The project consists of two houses connected with glass. Each house is protected from a busy road with two ‘L’ Shaped walls – one is stone and one is cedar. A number of pieces behind these walls are arranged together around courtyards and terraces. In turn giving rise to a sequence of individual gardens, each with their own individual ambience – gardens set among other limitless gardens. A system of slender spaces act like paths connecting the gardens, courtyards, and interior spaces, each embracing and respecting the landscape.
The entrance garden is conceived as a porch-like atrium which leads to a solid redwood door crafted from the only tree removed from the site. This door opens to a small glass foyer which connects the two main walls of the house. To one side is an interior gateway through a cedar wall and to the other side is a portal through a thick stone wall. The gateway opens to a garden and guestrooms and the portal opens onto the family art collection and main house. The main house opens to vineyards on the valley floor with 270 degree views of the surrounding Mayacamas Mountains, Mt. St. Helena, and Stags Leap beyond. Guestrooms are through the cedar gateway and open to the southern views of vineyards, Stone Mountain, Mt. Vedeer and the city nearby. Meanwhile the utility areas are hidden away in front with easy access while increasing the buffer between the house and busy road and the house.

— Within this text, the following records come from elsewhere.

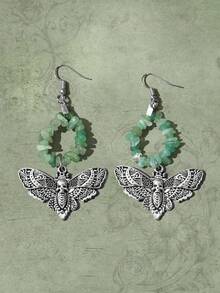 ROMWE Fairycore 1對波西米亞鐵合金蝴蝶裝飾耳墜適合女士日常裝飾 - 綠色 - 查看 5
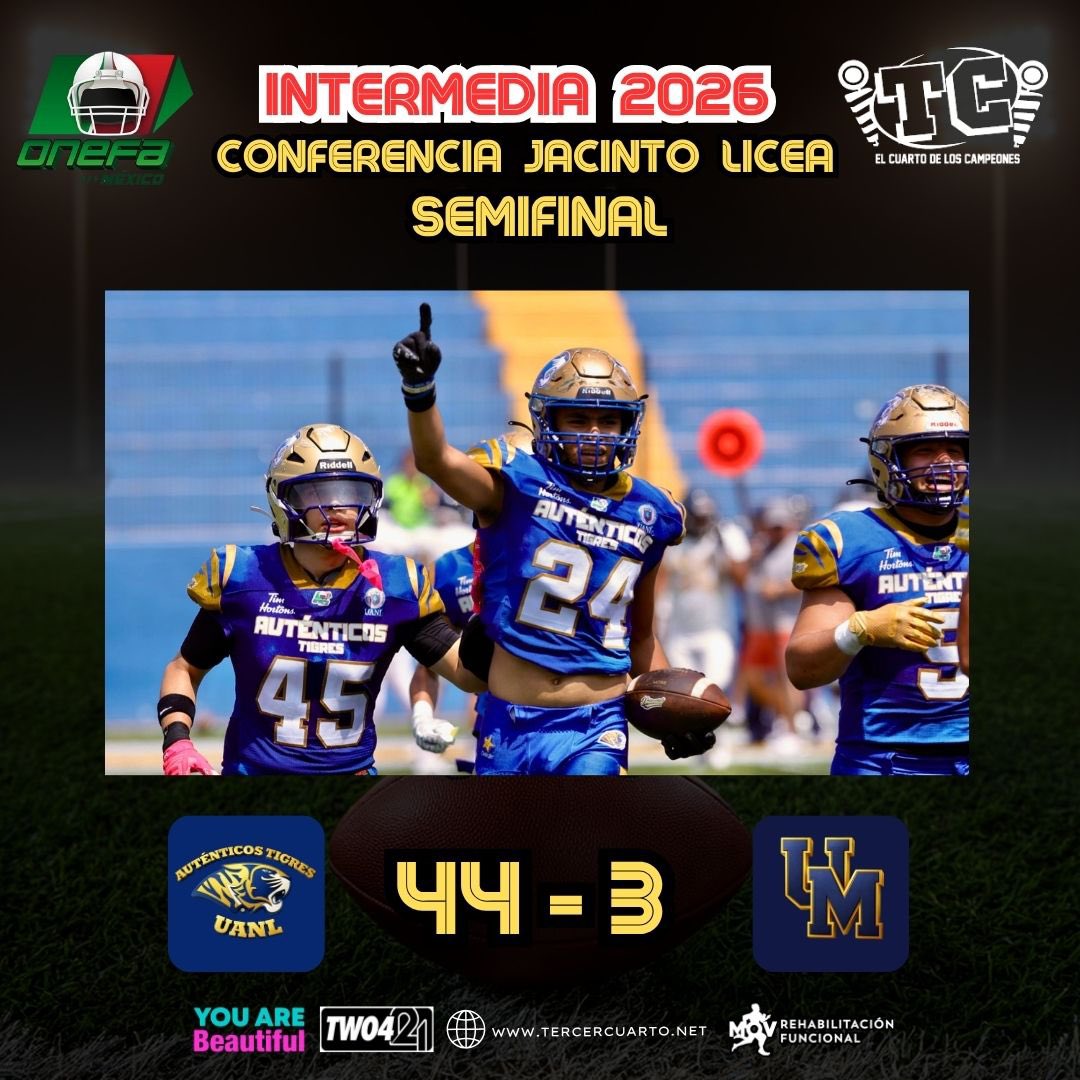 Tercer_Cuarto's tweet photo. 🙌🏻 LOS LOCALES SE QUEDAN CON EL PASE A LA FINAL 

SCORE FINAL en el 🏟️ Estadio Gaspar Mass 

🐾 Pumas CU 3 
🐯 Auténticos Tigres UANL 44 

INTERMEDIA 🇲🇽 ONEFA 2026 

#HablemosDeFootball🗣️🏈 https://t.co/Us18J1u7tl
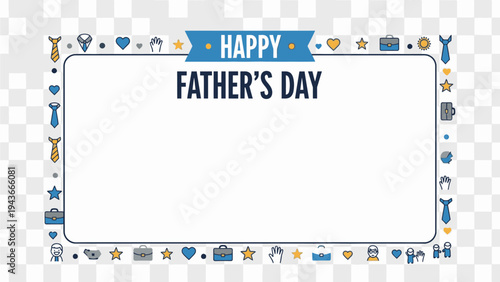 A colorful Father's Day greeting card template with various icons on a transparent background.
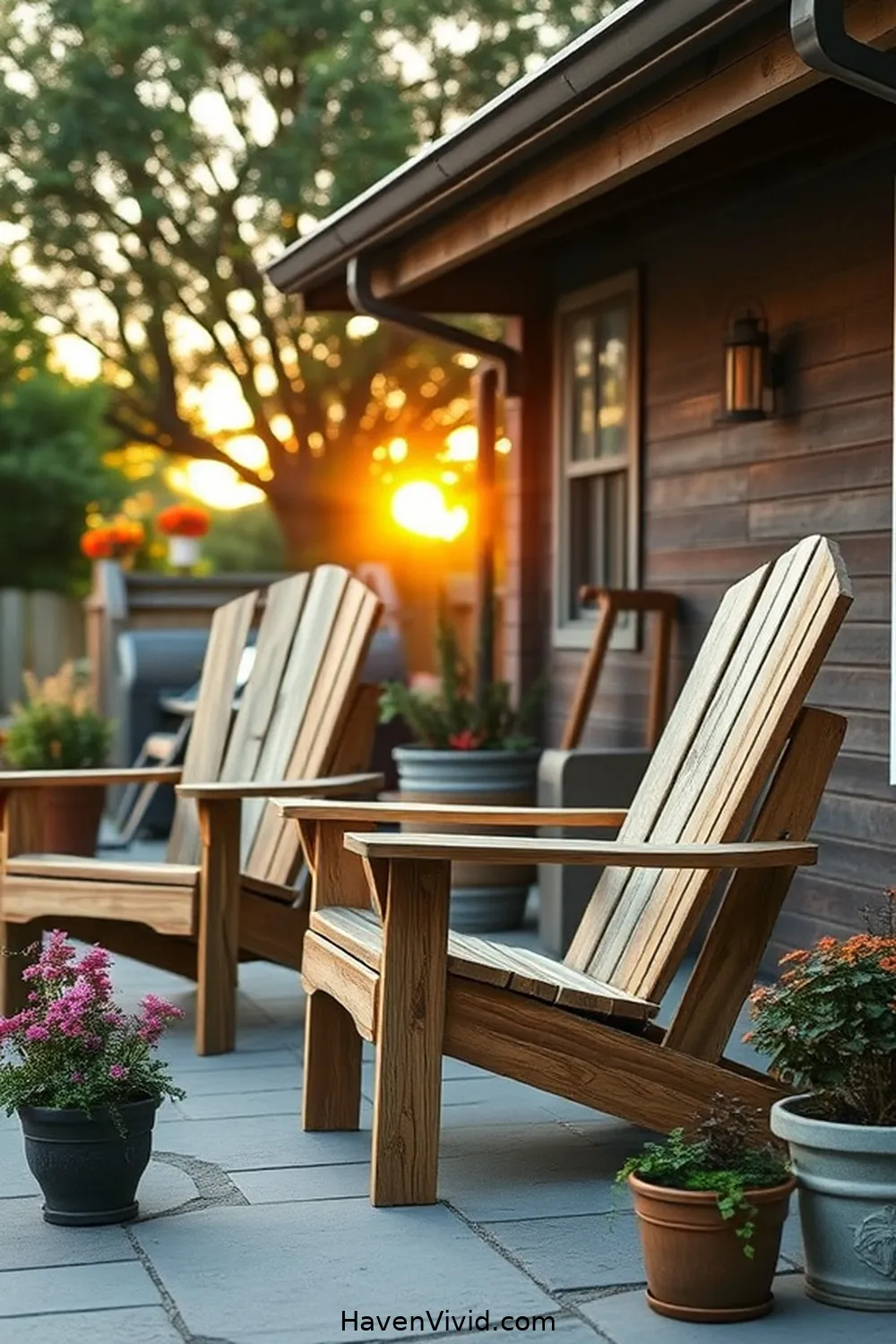 15 Inspiring Farmhouse Outdoor Patio Ideas Using Recycled Wood 6 DIY Adirondack Chairs From Salvaged Wood for 15 Inspiring Farmhouse Outdoor Patio Ideas Using Recycled Wood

Large eaves create both a place to enjoy the outdoors all year around and protection from the summer sun, while letting in the right amount of winter sun deep into the house. The envelope of the house enhances the control of the site while providing a sense of privacy and protection while juxtaposed with large openings to the surrounding landscape. The materialization of this project reflects its rural setting, while softening its urban attributes of shelter in front and massive openings behind those urban attributes and human nature.”